DATA EXCERPTS: Begin
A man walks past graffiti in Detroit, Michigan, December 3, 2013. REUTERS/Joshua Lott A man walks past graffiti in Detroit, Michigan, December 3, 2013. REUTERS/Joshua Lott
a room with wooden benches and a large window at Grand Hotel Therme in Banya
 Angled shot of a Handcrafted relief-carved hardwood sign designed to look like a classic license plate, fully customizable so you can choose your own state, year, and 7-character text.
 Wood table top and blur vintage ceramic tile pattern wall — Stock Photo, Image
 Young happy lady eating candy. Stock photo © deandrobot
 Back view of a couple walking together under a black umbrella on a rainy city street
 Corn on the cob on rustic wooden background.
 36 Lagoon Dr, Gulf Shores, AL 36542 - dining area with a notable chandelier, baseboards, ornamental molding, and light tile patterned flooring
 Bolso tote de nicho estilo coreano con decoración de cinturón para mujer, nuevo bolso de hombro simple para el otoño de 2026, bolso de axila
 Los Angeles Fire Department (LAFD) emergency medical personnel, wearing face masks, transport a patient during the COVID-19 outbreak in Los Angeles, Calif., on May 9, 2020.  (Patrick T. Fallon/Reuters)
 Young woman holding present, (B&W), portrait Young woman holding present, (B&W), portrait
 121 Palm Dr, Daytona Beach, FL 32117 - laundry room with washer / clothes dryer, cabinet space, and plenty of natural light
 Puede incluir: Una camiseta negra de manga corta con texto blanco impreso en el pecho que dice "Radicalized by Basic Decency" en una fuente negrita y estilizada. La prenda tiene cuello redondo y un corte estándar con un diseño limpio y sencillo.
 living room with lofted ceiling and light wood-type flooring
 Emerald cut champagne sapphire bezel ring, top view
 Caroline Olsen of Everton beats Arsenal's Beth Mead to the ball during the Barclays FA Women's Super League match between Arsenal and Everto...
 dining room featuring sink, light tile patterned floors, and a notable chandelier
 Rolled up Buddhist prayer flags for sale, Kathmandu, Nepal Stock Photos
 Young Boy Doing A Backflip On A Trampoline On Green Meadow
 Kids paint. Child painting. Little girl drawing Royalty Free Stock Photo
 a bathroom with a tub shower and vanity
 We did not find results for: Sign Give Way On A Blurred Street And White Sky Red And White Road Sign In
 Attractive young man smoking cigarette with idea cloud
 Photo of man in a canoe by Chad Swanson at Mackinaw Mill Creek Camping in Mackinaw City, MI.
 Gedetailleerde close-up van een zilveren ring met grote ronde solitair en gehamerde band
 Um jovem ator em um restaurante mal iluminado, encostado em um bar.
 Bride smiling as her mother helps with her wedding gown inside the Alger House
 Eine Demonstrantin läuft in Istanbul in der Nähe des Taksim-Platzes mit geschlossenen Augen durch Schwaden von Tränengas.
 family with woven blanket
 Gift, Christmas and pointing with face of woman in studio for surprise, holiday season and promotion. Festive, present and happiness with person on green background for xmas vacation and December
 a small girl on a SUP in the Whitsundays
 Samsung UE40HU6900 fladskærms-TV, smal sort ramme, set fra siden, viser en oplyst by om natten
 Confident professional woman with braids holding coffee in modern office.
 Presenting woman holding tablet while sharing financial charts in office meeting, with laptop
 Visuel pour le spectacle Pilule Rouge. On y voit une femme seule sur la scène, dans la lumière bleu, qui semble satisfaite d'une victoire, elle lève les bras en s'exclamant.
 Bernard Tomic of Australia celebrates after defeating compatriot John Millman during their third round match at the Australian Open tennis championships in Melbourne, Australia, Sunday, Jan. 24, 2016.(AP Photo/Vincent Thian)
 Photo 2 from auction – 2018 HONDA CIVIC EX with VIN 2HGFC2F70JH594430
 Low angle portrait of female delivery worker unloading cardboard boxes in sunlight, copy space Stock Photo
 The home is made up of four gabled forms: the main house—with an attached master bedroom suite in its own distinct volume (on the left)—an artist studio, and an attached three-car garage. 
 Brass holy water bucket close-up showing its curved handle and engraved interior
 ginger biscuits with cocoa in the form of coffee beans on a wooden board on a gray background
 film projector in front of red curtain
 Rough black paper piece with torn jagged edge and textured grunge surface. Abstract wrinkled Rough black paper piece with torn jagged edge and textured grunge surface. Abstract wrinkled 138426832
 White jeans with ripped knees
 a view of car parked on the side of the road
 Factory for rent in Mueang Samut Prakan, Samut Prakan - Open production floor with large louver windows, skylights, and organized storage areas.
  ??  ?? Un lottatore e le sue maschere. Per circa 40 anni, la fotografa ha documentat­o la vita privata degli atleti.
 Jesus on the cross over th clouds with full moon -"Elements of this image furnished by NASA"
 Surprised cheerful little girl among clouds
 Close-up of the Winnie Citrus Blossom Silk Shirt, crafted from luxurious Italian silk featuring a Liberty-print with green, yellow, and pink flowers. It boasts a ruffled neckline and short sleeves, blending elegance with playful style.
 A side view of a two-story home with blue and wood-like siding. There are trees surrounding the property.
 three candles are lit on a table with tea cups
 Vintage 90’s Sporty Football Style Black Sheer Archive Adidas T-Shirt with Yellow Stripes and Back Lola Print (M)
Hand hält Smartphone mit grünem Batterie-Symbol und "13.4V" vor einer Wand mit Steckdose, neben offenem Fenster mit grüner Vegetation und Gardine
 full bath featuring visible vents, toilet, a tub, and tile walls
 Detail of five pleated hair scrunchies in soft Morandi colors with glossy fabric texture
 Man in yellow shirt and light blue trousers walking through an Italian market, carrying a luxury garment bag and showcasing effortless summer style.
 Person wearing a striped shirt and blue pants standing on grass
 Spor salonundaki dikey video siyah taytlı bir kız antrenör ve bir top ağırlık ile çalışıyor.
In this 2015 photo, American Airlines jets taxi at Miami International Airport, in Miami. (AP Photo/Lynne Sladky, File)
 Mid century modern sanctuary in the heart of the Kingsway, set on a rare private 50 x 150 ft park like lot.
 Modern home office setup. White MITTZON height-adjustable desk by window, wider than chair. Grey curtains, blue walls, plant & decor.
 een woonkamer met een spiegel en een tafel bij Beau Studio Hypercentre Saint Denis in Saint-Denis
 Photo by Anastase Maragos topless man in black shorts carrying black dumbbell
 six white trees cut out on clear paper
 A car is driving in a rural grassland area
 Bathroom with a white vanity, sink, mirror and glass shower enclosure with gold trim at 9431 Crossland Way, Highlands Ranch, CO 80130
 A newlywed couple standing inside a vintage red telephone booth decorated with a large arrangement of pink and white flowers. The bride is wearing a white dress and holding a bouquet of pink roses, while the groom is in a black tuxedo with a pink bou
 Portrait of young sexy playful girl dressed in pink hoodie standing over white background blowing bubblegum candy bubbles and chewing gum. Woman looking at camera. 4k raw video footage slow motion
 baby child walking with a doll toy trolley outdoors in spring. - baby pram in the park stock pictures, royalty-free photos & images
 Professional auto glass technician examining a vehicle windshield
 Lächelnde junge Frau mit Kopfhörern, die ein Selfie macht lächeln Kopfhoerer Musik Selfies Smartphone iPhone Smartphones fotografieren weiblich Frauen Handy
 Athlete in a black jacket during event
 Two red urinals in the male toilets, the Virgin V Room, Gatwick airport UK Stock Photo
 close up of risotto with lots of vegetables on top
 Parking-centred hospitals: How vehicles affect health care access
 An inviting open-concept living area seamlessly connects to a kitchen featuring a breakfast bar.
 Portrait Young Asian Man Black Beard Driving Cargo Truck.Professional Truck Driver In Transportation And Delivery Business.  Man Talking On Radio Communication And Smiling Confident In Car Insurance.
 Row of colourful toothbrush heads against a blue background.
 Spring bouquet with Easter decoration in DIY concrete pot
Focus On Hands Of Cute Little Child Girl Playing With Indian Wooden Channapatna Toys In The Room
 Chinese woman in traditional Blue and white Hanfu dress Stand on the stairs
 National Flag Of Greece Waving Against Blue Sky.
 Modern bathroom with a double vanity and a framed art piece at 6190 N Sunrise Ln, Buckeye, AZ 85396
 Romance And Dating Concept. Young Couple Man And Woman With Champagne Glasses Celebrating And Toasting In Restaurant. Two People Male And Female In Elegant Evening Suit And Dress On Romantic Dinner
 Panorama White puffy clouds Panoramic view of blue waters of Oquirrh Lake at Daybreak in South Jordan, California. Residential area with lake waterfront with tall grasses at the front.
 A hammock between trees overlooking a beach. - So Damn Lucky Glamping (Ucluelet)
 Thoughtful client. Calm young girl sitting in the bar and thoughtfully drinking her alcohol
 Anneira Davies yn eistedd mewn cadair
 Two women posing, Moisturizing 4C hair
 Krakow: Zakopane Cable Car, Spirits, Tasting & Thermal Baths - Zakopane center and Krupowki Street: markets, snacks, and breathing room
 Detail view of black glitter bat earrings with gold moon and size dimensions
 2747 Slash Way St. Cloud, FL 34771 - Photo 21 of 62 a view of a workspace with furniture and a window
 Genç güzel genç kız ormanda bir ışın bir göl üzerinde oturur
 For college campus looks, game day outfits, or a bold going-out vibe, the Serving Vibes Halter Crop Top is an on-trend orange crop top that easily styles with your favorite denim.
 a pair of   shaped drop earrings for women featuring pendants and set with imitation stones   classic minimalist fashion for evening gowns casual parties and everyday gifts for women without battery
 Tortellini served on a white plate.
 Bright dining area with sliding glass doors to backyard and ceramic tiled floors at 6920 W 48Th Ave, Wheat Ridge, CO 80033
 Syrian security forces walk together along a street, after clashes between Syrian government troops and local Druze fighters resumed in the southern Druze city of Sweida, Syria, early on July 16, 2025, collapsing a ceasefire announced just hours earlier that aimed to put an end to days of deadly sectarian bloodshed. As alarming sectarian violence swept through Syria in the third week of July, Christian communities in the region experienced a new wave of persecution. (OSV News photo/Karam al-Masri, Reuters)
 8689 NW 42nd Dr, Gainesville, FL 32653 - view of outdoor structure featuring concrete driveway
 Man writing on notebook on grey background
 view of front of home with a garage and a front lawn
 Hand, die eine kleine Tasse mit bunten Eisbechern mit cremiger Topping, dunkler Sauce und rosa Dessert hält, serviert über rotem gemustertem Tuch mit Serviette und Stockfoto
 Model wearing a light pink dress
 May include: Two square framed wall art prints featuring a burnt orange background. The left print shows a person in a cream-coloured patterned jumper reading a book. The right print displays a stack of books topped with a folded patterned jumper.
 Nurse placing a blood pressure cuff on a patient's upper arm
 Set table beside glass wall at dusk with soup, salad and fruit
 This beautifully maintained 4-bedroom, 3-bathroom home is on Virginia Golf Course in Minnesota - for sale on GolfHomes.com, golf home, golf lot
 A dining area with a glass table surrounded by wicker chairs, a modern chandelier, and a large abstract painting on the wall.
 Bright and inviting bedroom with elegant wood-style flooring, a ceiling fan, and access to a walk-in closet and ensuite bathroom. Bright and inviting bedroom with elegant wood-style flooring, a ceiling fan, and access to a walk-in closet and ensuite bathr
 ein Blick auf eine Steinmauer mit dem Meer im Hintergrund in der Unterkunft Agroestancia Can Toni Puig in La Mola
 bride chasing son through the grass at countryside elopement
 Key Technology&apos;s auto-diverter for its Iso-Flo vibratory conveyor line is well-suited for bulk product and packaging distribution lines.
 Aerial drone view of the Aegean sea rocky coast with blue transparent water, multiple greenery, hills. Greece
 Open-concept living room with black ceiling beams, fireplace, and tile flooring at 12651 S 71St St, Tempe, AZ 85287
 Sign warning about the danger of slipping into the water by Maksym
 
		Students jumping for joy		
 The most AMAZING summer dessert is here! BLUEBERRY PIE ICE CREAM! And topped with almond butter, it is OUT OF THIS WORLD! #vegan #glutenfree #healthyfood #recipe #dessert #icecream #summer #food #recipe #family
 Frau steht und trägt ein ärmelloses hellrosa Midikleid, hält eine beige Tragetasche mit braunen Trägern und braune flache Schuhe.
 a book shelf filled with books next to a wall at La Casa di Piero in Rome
DATA EXCERPTS: End
WHAT IS BEING ASKED —
Produce only the lines from the line containing "Rolled up Buddhist" through the line containing "Bride smiling as", inclusive of both, exactly as they stand in the entries above.

ANSWER TO THIS EXERCISE —
 Rolled up Buddhist prayer flags for sale, Kathmandu, Nepal Stock Photos
 Young Boy Doing A Backflip On A Trampoline On Green Meadow
 Kids paint. Child painting. Little girl drawing Royalty Free Stock Photo
 a bathroom with a tub shower and vanity
 We did not find results for: Sign Give Way On A Blurred Street And White Sky Red And White Road Sign In
 Attractive young man smoking cigarette with idea cloud
 Photo of man in a canoe by Chad Swanson at Mackinaw Mill Creek Camping in Mackinaw City, MI.
 Gedetailleerde close-up van een zilveren ring met grote ronde solitair en gehamerde band
 Um jovem ator em um restaurante mal iluminado, encostado em um bar.
 Bride smiling as her mother helps with her wedding gown inside the Alger House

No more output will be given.